4. Making AI Easier to Explain: Creation of AI examples for Use in Teaching (with Dr. Ronjon Nag)

  • This project will involve creating sample code in python on the google colab platform. The projects will take a problem, and have code that can upload a dataset, and allow users to change parameters in various kinds of neural networks, using the Keras platform.

  • Pre-requisites: Python.

5. MemLove - Mental Health App for Grievers (with Praveena Dhanalakota)

  • MemLove is a uniquely personalized proactive mental health app for grievers, especially now due to COVID-19 impact, to cope faster and healthier by emulating the voice of loved ones. MemLove's mission is to recreate and keep memories of loved ones alive through artificial intelligence.

  • We hypothesize that the application of psychology models such as Continuing Bonds can impact ~100M people yearly in the US and defined social benefit capabilities.
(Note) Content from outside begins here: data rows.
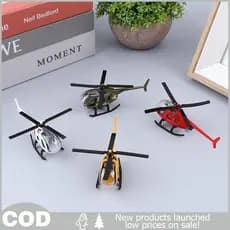 Mini Liga Helicóptero Modelo Brinquedos Coleção De Aeronaves Decorações Simulação Avião Para Crianças Meninos Presente A
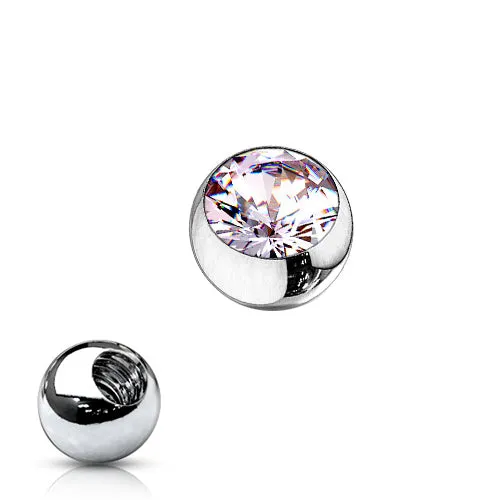 14g Gem Replacement Balls for Belly Rings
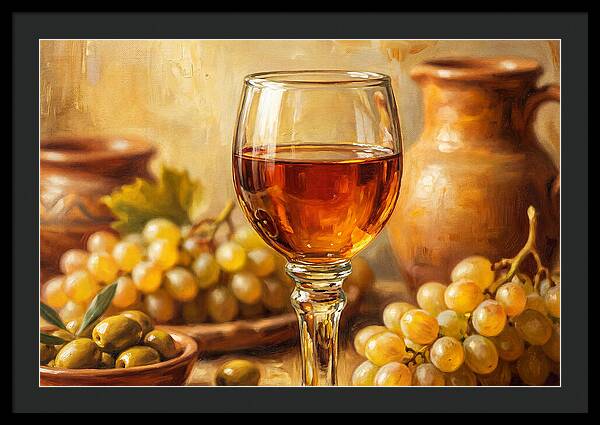 Mediterranean Wine Still Life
We are in the phase of system and services design to devise a framework that provides suitable and sustainable ways to build and deliver the services to users.
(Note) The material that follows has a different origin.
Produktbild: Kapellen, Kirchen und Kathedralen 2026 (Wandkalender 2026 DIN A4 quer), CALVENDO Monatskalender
  • Some of the technology areas we are focusing on are:

    • Speaker diarization

    • Voice emulation

    • Speech emotion recognition

    • Knowledge graph for predicting possible conversations

  • Student Goals:

    • Experiment on speech sentiment analysis

    • To analyze voice data to understand emotion and sentiment.
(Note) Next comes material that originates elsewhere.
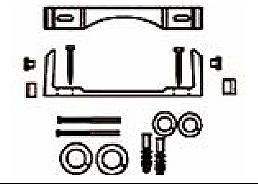 Bowl to Floor Mounting Kit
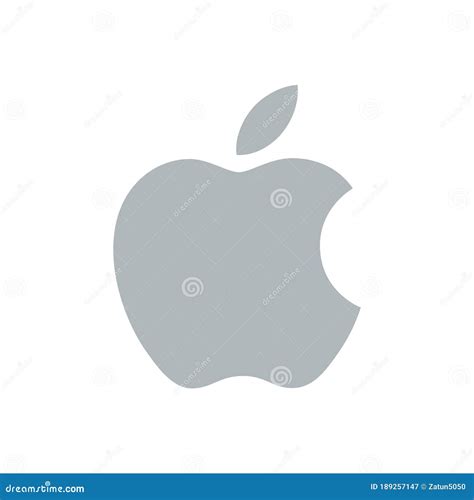 Apple Logo Vector Or Iphone Logo Editorial Photography Illustration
    • Experiment on the knowledge graph

    • Recreate mannerisms based on past conversation data available. This will enable to frame interactive and therapeutic responses

    • Author a blog post for experiments

  • Pre-requisites: Programming experience (minimum 1-2 years)

6. SuperBio: Creating a No-code Computational Biology Platform  (with Berke Buyukkucak)

  • Summary: Predicting protein folding is the holy grail of biology and there has been great strides made in this field, thanks to machine learning. Fellows that participate in this project will decipher, understand and try to improve the AlphaFold code that was implemented and then made public by DeepMind, Google's AI company. 

  • Motivation: Protein folding prediction knowledge and skill can be translated into machine learning driven drug discovery research, which is a growing and forceful field that shows the potential to revolutionize both pharmaceutical and medical research. 

  • Challenges: Difficult concept to understand and implement, terminology based knowledge.

  • Impact: Learn about a unique field that's developing, get students educated and knowledgeable. Pre-requisites: user interface programming, machine learning.